The Guru College
Designing For Scale
My current project is to rebuild the monitoring and notification system for the University. The old system was built on Nagios 1.4, which has served it’s purpose very well since it was setup, but is starting to get long in the tooth, and the previous owner of the project left the employ of the University in 2007. I have spent the last few months learning his code and getting a new back end ready for the system. One of the things that had been postponing the move away from Nagios 1.4 was the removal of the database backend from the core of the Nagios system. The web interface provided by Nagios has always stunk, so we had been running our own set of front end tools for managing the configuration files and keeping an eye on the status of the servers monitored. Thus, the database is critical to our monitoring needs.
There is a new-ish database backend for Nagios, called NDOUtils (Nagios Data Output Utility) that runs a daemon that dumps all the Nagios event data to a MySQL database. The problem is that NDO was never designed for scale, as best I can tell. The first major sin it commits is not generating any SQL indexes by default when you install the database. This is a Very Bad Thing, and leads to horrible database performance as the data builds up in the tables. There is an optional schema file you can process and run to get indexes, but the installer doesn’t apply them for you. The other problem is that all event data is logged to the database. This includes state changes, notification messages, performance data – everything. Admittedly, this isn’t a bug, it’s a feature. There is even a handy pruning feature that will clean up entries older than a given age. This pruning age is set to a week for most of the event types.

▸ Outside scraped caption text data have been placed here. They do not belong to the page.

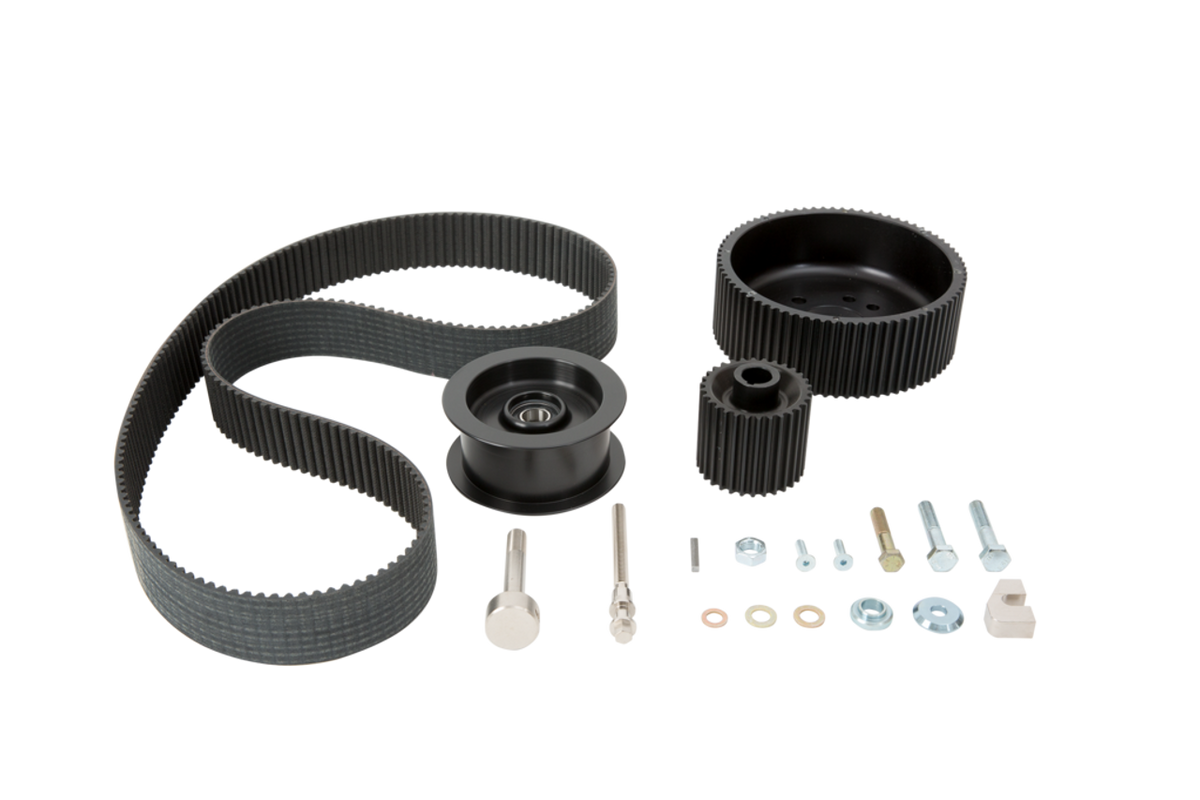 Vortech Superchargers 50mm Cog Drive Upgrade 75/32 Tooth (10-15 Camaro SS) 4GE118-020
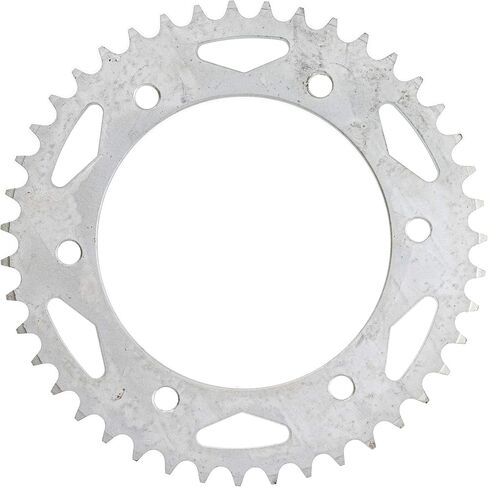 NICHE 520 Pitch Front 16T Rear 43T Drive Sprocket Kit for Honda 2017 CBR1000RR 2000-2006 CBR600RR CBR954RR CBR929RR in Saudi Arabia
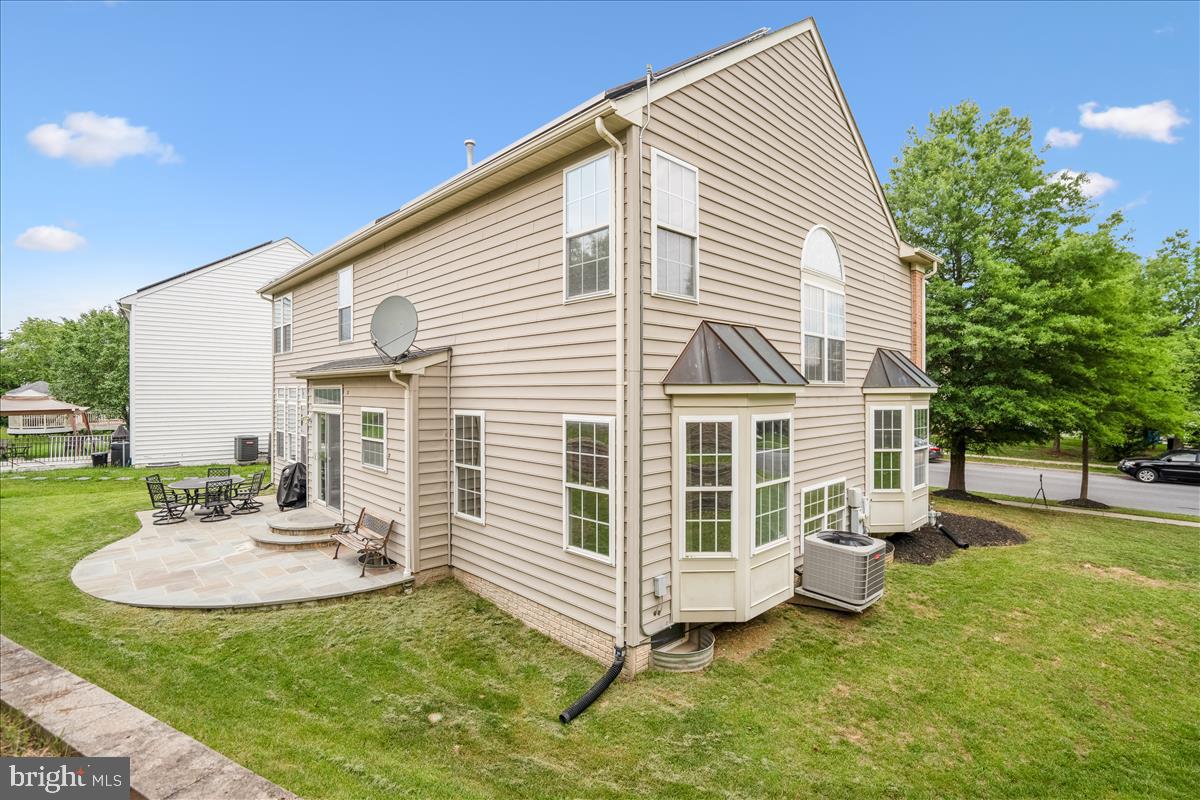 THE VILLAGES AT WELLINGTON - Residential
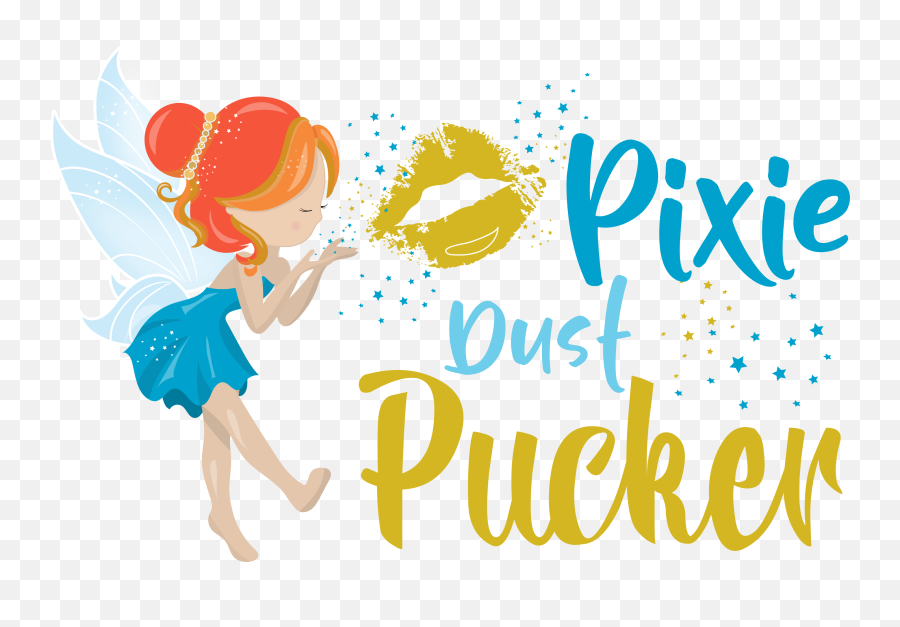 Napa Lipsense Pixiedustpucker - Fairy Png,Lipsense Png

The best post I could find about tuning NDOUtils talks about having 400 hosts and 3000 service checks. It’s a very good article, but I’m trying to solve a different problem. We have 1500 hosts, and over 4000 service checks, and NSCA isn’t overloaded (although xinetd is, but that’s a whole other story). Not all checks are run every minute, or even every 5 minutes, so I wrote a small script to troll through the nagios log looking for external events submitted by the servers performing the actual checks. My baseline is around 600 checks per minute coming into our front end Nagios server. Let’s do the math – 600 checks * 10,080 minutes in a week = 6 million possible events in the log. This leads us to the second major sin that is being committed by NDO – it frequently calls a DELETE statement to clear any data older than the specified time. In SQL, the DELETE command is one of the most expensive commands you can run, in terms of CPU usage. It’s made even worse when there is no index on the table you are deleting from. It’s made into a 3 Act Greek tragedy when every 5 minutes it tries to trim the last 3,000 entries from a table with 6 million rows. It starts to approach EPIC FAIL when you consider that we are going to be roughly doubling the number of servers and checks in the next few weeks as we bring the Oracle/HR environment under our monitoring, and maybe double again if we absorb network monitoring.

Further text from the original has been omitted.